The arrow is a *directed edge* in this graph.  It's like a one way street. 

A way of thinking about $X \to Y$ that J. Pearl has suggested is that Y "listens to X" to determine what value it should have, like $Y = y_i$ if $X = x_i$.  

This is *not* be a DAG: 

\begin{align}
X \to Y \\
X \leftarrow Y 
\end{align}

A DAG can't have loops.

### Chains, Forks, Colliders

Here, Z is another variable.  

A *chain*:

\begin{align}
Z \to X \to Y
\end{align}

A *fork*:

\begin{align}
X \leftarrow Z \to Y
\end{align}

A *collider*:
    
\begin{align}
X \to Z \leftarrow Y
\end{align}

You may recognize these as Wright's(1921) basic structures for path models.  Each has implications for the total and direct effects that can be estimated given a model that includes them.

### Mediation

In equation (4), above, X fully mediates the effect of Z on Y.  

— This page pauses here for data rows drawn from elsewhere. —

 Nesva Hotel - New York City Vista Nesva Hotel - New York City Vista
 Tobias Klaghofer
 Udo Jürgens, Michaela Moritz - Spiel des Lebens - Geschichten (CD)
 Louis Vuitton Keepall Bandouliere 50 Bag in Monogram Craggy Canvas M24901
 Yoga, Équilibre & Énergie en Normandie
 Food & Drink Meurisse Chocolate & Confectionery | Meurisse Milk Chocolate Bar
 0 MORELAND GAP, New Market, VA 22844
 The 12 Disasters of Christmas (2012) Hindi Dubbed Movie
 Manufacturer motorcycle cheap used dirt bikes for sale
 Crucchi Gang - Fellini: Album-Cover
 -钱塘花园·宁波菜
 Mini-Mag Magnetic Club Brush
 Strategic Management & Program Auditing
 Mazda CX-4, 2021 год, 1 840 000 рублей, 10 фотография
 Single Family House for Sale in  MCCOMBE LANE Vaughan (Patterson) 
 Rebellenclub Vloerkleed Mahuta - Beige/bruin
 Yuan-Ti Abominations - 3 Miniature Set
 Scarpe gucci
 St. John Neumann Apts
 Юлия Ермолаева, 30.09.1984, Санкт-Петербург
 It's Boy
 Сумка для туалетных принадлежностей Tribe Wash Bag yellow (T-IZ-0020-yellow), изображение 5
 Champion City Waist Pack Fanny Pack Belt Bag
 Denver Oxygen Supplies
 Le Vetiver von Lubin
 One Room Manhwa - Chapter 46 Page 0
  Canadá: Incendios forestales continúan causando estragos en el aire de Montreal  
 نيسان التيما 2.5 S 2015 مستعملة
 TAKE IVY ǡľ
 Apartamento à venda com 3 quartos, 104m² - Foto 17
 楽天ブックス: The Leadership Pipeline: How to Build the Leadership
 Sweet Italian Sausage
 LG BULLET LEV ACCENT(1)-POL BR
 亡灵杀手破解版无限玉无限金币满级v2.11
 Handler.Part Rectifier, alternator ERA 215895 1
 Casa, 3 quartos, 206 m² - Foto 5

Here's an example of _partial_ mediation.  Z partially mediates X's effect on Y.  

\begin{align}
X \to Y \\
X \to Z \\
Z \to Y
\end{align}

An alternative representation of the same model:  

\begin{align}
X \to Y,Z \\
Z \to Y
\end{align}

### Confounder

Z would be a confounder of the direct effect of X on Y:  

\begin{align}
X \to Y \\
Z \to X \\
Z  \to Y 
\end{align}  

Note that Z is a fork node in this models'graph, like in (5).

### Parents, Children, Ancestors, and Descendants

A DAG can have a large extended family.  

In (7), above, X is a *parent* of Y, and Y is a *child* of Z.  

In the chain in (4), Z is an ancestor of Y, and Y a descendant of Z.

### Endogenous and Exogenous Variables

A variable in a graph that has no arrows coming into it is _exogenous_.  One that has one or more arrows into it is _endogenous_.

### Unobserved Variables

Variables for which there is no data available can be included in a DAG. Observed variables can be endogenous (dependent) on them.  An error term for a regression model is an example.  

There can be observed, or _latent_ variables that are not errors, per se.  An example is a latent variable in a structural equation model (SEM) that is represented by a _measurement model_ consisting of _manifest, fallible indicator variables_, variables like those that by design load on a specific factor in confirmatory factor analysis.

**EXERCISE!**

Using notation like in the above examples, specify graphs for the following models.  No need to use LaTex; just use -> or <- for your arrows.  Each of the following, 1., 2., etc., specifies a model.

1. X1 and X2 have direct effects on Y  
2. X1 has a direct on Y1, X2 has direct effect on Y2
3. Z1 has a direct effect on both X, and Y, X has a direct effect on Y, X has a direct effect on Y, X has a direct effect on Z2, and Z2 has a direct effect on Y.